Wissenschaftpolitik

Politik und Wissenschaft – Lehren aus dem Expertenrat für die Zukunft

Aus der Erfahrung dieses Expertenrates gilt es für künftige Formate Lehren zu ziehen und Standards zu formulieren. An erster Stelle steht dabei die praktische Unabhängigkeit.

Institutionelle Abhängigkeitsverhältnisse können in der Beratung wie Gift wirken – ebenso wie wissenschaftspolitisches Kalkül. Daher ist eine Besetzung außerhalb der gängigen Wissenschaftsinstitutionen nichts Falsches, sondern die Möglichkeit Wissenschaft und Praxis auf verschiedenen Ebenen zu vereinen. Ein Expertenrat darf nicht dazu dienen, dass Politik Entscheidungen rechtfertigt, sondern sollte der Abwägung und Darstellung komplexer Sachverhalte dienen. Gleichwohl sollte ein Expertenrat auch nicht dazu dienen das einzelne Institutionen oder Experten hierüber vermeintliche Partikularinteressen durchsetzen.

Zudem ist 100 Prozent Transparenz nötig. Ein Expertenrat startet mit Vorschusslorbeeren der gesammelten wissenschaftlichen Kredibilität, aber er muss sich 100-prozentig glaubwürdig machen, in dem er größtmögliche Transparenz in der eigenen Arbeit zeigt. Wer objektiv und wissenschaftlich denkt, sollte keine Scheu haben, dass alle Abwägungen, Anhörungen oder Erörterungen öffentlich sind oder werden können. Wissenschaft ist kein Rechthaben oder Ideologisieren, sondern ein Fehler- und Schaffensprozess. 

Regionale und perspektivische Vielfalt sind wichtig. Es ist zu bedenken, dass auch unter den Wissenschaftlern regionale Unterschiede, Schulen und Erkenntnissen herrschen können. Ein Überhang von Experten weniger (oft Berliner) Institutionen hemmt die nötige Vielfalt an Denk- und Lehrschulen. Um gesellschaftliche Akzeptanz zu erreichen, bedarf es eben genau dieser Diversität. Um die Menschen mitzunehmen, müssen wir auch die Realität Bürger abbilden.

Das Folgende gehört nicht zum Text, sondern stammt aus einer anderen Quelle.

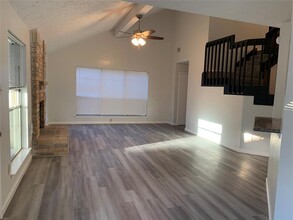 12314 Fern Meadow Dr in Stafford, TX - Building Photo - Building Photo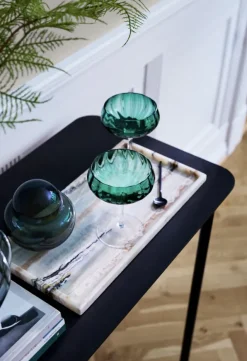 Marmor brett -Phantom Tornado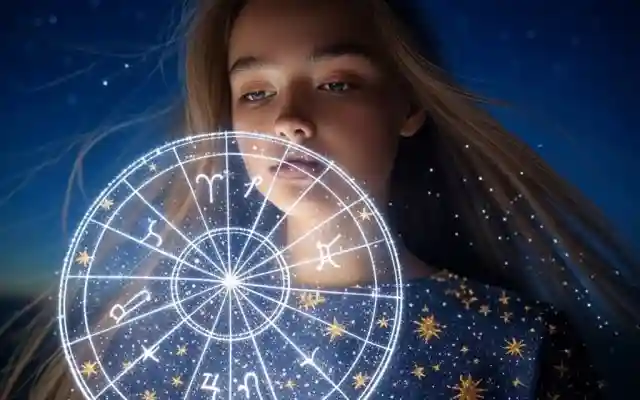 حظك اليوم الخميس 18 سبتمبر 2025 وتوقعات الأبراج اليومية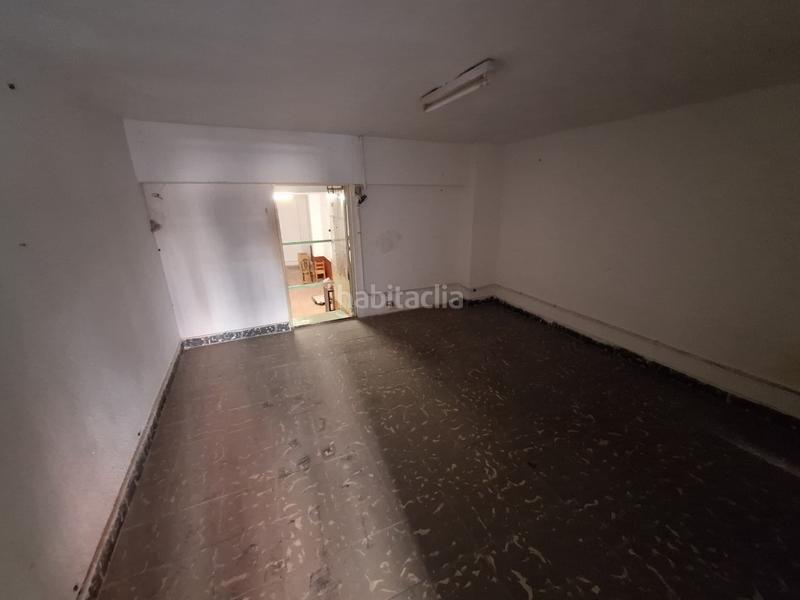 Foto e37abf2c-f53f-4588-b769-e3a7b9c43a43. Local comercial a Alquenència - Venècia Alzira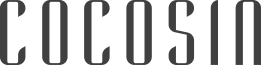 Cocosin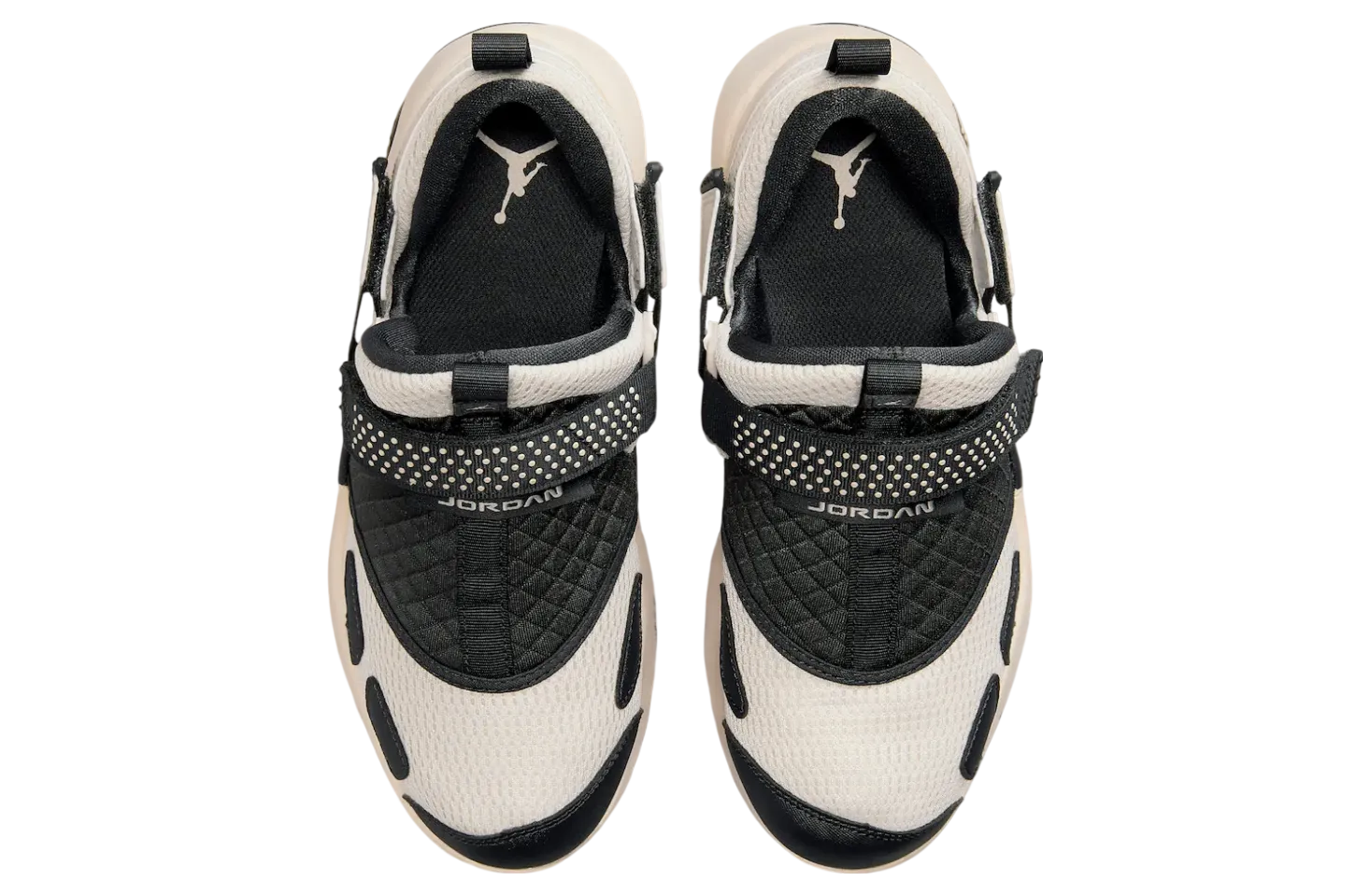jordan trunner lx light orewood brown anthracite 2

Des Weiteren sollte Evidenz vor Eminenz stehen. Die Tendenz zu „Eminenz-basierte Beratung“ muss zur Evidenz-basierten Beratung werden. Grenzen des Wissens zeigen sich in der Diskussion und nicht in der Vorlesung. Die Betonung liegt auf Beratung, denn ein Expertenrat kann nicht für sich beanspruchen, der Weisheit letzten Schluss zu haben und darf dies auch nicht vermitteln. Den Herausforderungen unserer Zeit werden wir nur begegnen können, wenn wir die Wissenschaft nutzen, um einen respektvollen, kritischen und lebhaften Diskurs in der Gesellschaft zu führen.

Schließlich ist frühe Beratung von großer Bedeutung. Bei zukünftigen Krisen, ganz egal welcher Art, ist die Bundesregierung gut beraten bereits früh verschiedene Stimmen in einen Krisenrat zu vereinen. Gerade in der Anfangsphase einer Krise und gerade dann, wenn die Entscheidungsfindung noch nicht abgeschlossen ist, ist es wichtig verschiedene Perspektiven anzuhören. Beschlossene Maßnahmen oder Entscheidungen sollten im Sinne einer guten Fehlerkultur wissenschaftlich durch den Krisenrat evaluiert werden, damit wir auch aus solchen Situationen lernen.

Heraus aus dem Elfenbeinturm der Wissenschaft

Wissenschaft oder gar einzelne Wissenschaftler und Wissenschaftlerinnen können alleine nicht die richtigen oder falschen Entscheidungen für die Politik empfehlen. Wissenschaft kann und muss aber die Gesellschaft und die Politik mit einem ganzen Spektrum an Perspektiven und Sichtweisen ausstatten, damit im respektvollen Diskurs konsensfähige Entscheidungen verhandelt werden können. Dafür muss aber auch die Wissenschaft aus ihrem introvertierten akademischen Elfenbeinturm herauskommen und sich sichtbarer und verständlicher machen.

Die Politik ist gut beraten über eine Professionalisierung der wissenschaftlichen Politikberatung nachzudenken. Das gleiche gilt für die Wissenschaft und ihren Akteuren. Weder Kommunikation oder Gesellschafts- und Politikberatung stehen auf dem Stundenplan des werdenden Wissenschaftlers. Ein Handwerk, was man lernen kann.